La prova negativa del DNA e i tabulati telefonici scagionano due possibili complici nell’omicidio di Eligia Ardita






Eligia ArditaPoteva diventare un punto di svolta nelle indagini sulla morte di Eligia Ardita, assassinata il 19 gennaio scorso nella sua abitazione in via Calatabiano, e invece potrebbe arenarsi tutto sulla spiaggia di quel DNA che ormai è elemento basilare di ogni indagine. Non ci sono ormai più dubbi su chi sia stato il materiale omicida della giovane donna incinta: dopo ben otto mesi il marito, Christian Leonardi, ha confessato l’omicidio. Tuttavia resta ancora da fare luce sul caso: come anticipato da Cronaca&Dossier e poi confermato a più riprese dalle Forze dell’ordine, risulta difficile – se non impossibile – che Christian Leonardi abbia agito da solo. Se la dinamica omicidiaria risulta abbastanza chiara, ciò che non torna è come abbia fatto il marito di Eligia Ardita a sistemare in fretta e furia la scena del crimine per inscenare un delitto poi smascherato dalle Forze dell’ordine. Da qui, e soprattutto dalla richiesta del padre di Eligia, il signor Tino Ardita, è partita la richiesta di continuare ad investigare. Dopo aver prelevato diversi campioni di DNA sono partite quindi le analisi dei carabinieri del RIS di Messina, che durante l’analisi della scena del crimine ne hanno trovate tracce significative.

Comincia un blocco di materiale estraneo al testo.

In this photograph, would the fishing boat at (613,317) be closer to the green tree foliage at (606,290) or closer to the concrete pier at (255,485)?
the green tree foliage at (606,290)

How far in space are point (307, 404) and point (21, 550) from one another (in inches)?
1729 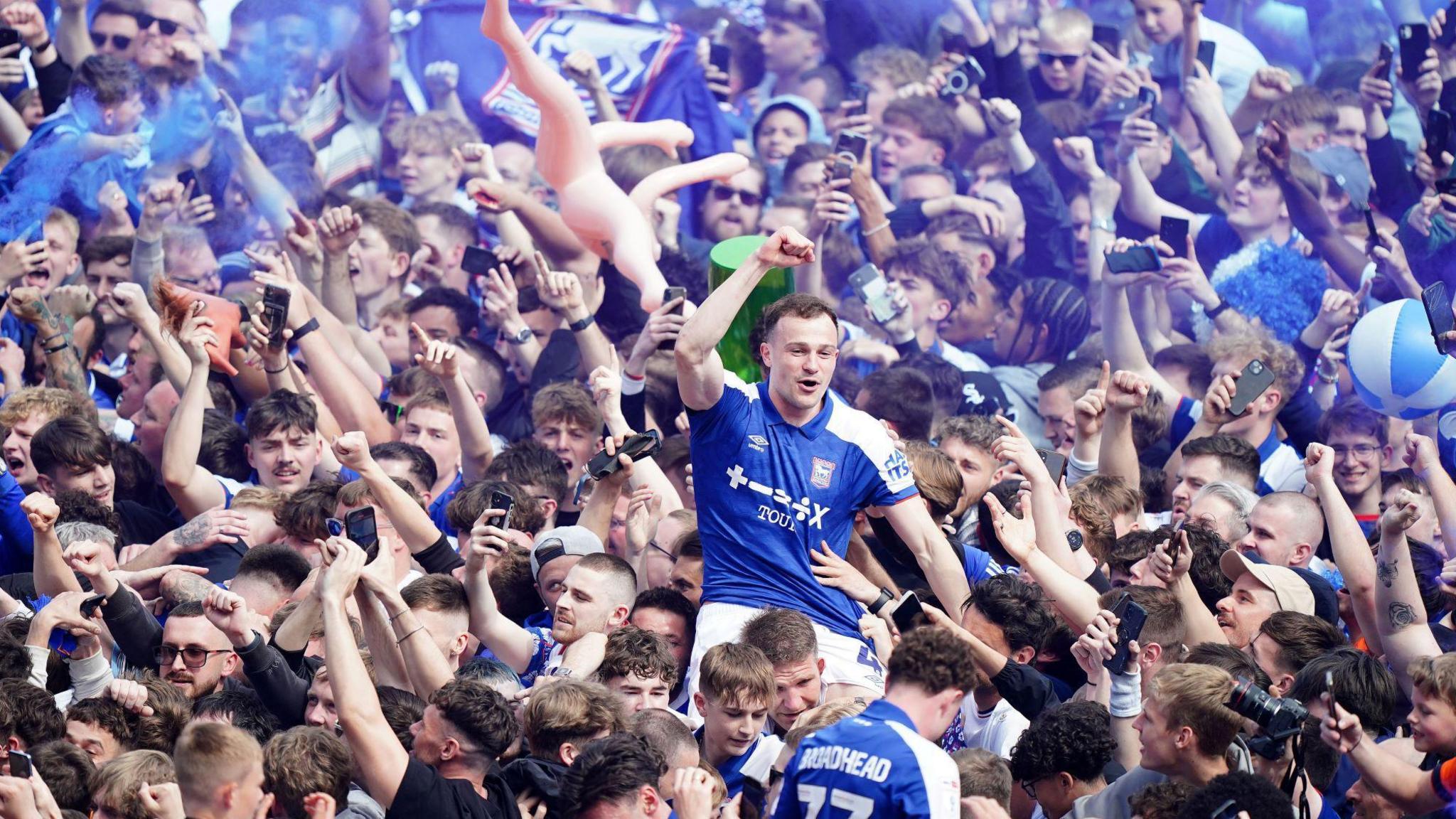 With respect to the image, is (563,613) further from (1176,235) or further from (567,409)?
(1176,235)

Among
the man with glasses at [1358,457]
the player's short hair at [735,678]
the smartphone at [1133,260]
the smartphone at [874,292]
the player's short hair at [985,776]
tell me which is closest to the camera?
the player's short hair at [985,776]

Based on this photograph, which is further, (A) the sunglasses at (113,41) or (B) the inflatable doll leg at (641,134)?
(A) the sunglasses at (113,41)

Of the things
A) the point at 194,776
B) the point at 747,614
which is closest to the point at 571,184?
the point at 747,614

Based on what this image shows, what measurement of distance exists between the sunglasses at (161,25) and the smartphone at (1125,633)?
8021 mm

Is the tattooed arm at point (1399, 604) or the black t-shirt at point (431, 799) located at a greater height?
the black t-shirt at point (431, 799)

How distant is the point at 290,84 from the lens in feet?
39.7

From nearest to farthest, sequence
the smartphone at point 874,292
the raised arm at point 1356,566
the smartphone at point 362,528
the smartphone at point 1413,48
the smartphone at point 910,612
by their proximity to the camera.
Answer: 1. the smartphone at point 910,612
2. the smartphone at point 362,528
3. the raised arm at point 1356,566
4. the smartphone at point 874,292
5. the smartphone at point 1413,48

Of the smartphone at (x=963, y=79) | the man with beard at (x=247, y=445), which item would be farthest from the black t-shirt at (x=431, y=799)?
the smartphone at (x=963, y=79)

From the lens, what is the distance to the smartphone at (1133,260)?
9445 millimetres

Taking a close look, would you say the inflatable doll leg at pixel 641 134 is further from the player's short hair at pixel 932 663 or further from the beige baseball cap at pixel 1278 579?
the player's short hair at pixel 932 663

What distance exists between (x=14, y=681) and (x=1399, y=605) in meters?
4.44

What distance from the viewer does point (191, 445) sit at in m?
7.82

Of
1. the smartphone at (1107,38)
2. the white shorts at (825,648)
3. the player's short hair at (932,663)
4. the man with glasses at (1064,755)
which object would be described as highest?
the player's short hair at (932,663)

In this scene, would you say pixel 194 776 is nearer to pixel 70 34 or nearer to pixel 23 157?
pixel 23 157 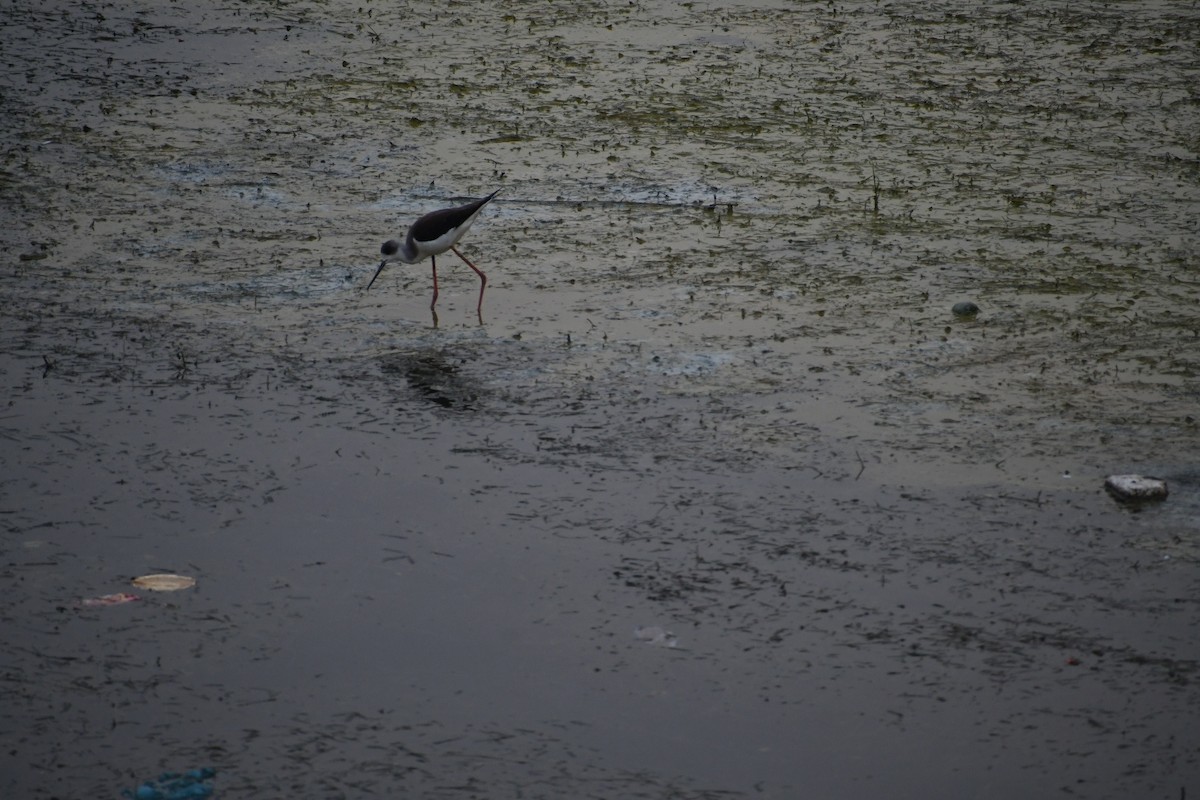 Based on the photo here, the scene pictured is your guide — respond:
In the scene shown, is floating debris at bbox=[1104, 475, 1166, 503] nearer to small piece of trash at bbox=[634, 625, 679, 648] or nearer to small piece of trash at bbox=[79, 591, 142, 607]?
small piece of trash at bbox=[634, 625, 679, 648]

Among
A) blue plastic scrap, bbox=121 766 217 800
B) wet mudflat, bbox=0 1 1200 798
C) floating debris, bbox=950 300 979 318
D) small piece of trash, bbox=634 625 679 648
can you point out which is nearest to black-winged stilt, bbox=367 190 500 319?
wet mudflat, bbox=0 1 1200 798

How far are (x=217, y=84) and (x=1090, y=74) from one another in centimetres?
690

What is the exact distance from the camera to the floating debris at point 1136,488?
547cm

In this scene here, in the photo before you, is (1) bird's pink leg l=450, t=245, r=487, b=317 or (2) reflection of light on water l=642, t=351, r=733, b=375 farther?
(1) bird's pink leg l=450, t=245, r=487, b=317

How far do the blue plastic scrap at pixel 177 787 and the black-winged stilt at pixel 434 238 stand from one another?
373 cm

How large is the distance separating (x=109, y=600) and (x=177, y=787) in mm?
1147

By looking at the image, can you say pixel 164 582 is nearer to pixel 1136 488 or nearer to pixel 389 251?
pixel 389 251

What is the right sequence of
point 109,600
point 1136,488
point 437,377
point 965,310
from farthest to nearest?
1. point 965,310
2. point 437,377
3. point 1136,488
4. point 109,600

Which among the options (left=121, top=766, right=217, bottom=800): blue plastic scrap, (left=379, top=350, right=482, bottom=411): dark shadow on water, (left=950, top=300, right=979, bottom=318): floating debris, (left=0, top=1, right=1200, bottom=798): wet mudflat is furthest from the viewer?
(left=950, top=300, right=979, bottom=318): floating debris

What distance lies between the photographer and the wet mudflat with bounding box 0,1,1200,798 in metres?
4.31

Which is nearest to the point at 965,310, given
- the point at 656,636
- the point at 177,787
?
the point at 656,636

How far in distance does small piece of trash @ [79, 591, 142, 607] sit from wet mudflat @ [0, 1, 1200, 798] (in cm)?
8

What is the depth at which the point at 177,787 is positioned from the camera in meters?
3.98

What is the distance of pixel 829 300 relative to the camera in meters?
7.45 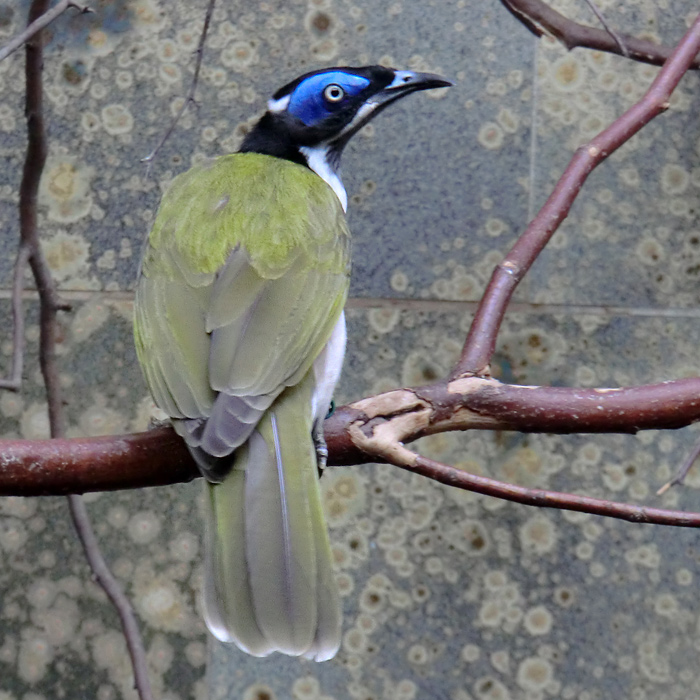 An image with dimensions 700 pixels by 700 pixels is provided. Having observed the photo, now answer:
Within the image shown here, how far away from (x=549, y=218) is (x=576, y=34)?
921mm

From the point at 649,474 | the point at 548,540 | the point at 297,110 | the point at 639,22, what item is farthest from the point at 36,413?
the point at 639,22

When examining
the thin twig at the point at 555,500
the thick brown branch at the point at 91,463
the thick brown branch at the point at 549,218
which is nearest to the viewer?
the thin twig at the point at 555,500

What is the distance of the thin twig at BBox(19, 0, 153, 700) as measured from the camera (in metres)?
2.31

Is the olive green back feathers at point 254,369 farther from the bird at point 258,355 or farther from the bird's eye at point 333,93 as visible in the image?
the bird's eye at point 333,93

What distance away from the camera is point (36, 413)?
3.01 metres

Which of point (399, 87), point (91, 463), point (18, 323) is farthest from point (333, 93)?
point (91, 463)

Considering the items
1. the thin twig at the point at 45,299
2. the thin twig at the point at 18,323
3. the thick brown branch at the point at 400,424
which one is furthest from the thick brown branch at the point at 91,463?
the thin twig at the point at 45,299

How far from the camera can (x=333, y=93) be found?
2504mm

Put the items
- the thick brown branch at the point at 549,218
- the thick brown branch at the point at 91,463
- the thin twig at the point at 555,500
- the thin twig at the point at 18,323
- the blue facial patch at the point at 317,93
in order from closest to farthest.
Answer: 1. the thin twig at the point at 555,500
2. the thick brown branch at the point at 91,463
3. the thick brown branch at the point at 549,218
4. the thin twig at the point at 18,323
5. the blue facial patch at the point at 317,93

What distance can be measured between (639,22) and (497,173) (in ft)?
2.26

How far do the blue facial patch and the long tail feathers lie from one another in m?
1.22

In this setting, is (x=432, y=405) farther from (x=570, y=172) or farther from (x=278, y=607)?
(x=570, y=172)

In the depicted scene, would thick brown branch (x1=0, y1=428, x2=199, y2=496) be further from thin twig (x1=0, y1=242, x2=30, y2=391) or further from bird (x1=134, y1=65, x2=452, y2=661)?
thin twig (x1=0, y1=242, x2=30, y2=391)

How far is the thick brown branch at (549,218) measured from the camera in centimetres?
181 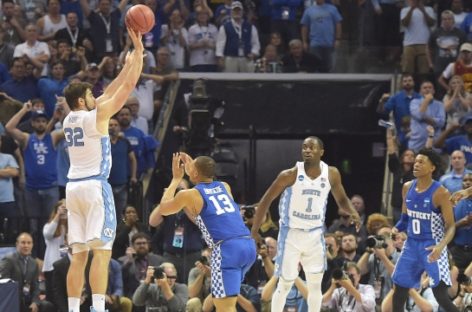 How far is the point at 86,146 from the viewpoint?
44.5 ft

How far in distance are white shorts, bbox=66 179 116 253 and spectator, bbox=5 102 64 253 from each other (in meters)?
6.65

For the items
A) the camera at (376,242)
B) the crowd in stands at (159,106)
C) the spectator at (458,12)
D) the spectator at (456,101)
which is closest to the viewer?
the camera at (376,242)

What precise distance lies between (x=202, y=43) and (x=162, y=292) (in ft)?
24.8

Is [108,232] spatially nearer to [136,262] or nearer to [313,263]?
[313,263]

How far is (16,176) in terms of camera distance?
802 inches

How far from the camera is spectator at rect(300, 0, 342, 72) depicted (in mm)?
23484

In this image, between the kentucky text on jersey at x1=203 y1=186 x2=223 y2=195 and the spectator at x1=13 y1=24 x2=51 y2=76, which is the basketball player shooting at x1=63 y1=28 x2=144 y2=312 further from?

delitto eligia arditaFin dalle prime indagini gli inquirenti hanno sospettato (su indicazione dei parenti della vittima) che due donne avrebbero potuto aiutare Christian Leonardi con la scena del crimine; se la prima, una cara amica di Leonardi, sarebbe stata scagionata dai tabulati telefonici (che la localizzano a Milano nella data dell’omicidio, quindi troppo lontano per essere d’aiuto) per la seconda, ovvero la vicina di casa della coppia, è servito il test del DNA, che tuttavia è risultato negativo, scagionando quindi anche la seconda possibile complice. Nonostante il procuratore Francesco Paolo Giordano e l’aggiunto procuratore Fabio Scavone siano convinti del fatto che Christian Leonardi abbia agito da solo per tutto il tempo, papà Tino Ardita non si dà pace e continua nella sua battaglia alla ricerca del misterioso complice: «Siamo pronti per il processo che vedrà alla sbarra Christian Leonardi ma siamo convinti che qualcuno lo ha aiutato e lo dimostreremo». Ricordiamo che in seguito ai dubbi e alle richieste della famiglia Ardita si è proceduto nei giorni scorsi alla riesumazione del cadavere, che ha portato solo ad infittire il mistero. Nella tomba della defunta infatti, oltre ad alcuni effetti personali e ad una foto del marito che è stata fatta rimuovere dai familiari, si sarebbe dovuto trovare il maglione che Eligia Ardita indossava quando è stata ritrovata dai soccorsi.

Quel maglione che era stato selezionato dalla futura mamma da dare in beneficenza, e che Leonardi e questo misterioso complice, ignari della scelta di Ardita, utilizzarono per rivestirla. È quindi probabile che il marito sapesse che gli inquirenti avrebbero trovato su quell’indumento tracce di un’altra persona e quindi, rimasto solo nella camera ardente – come affermato da papà Ardita – si sarebbe sbarazzato del capo incriminato.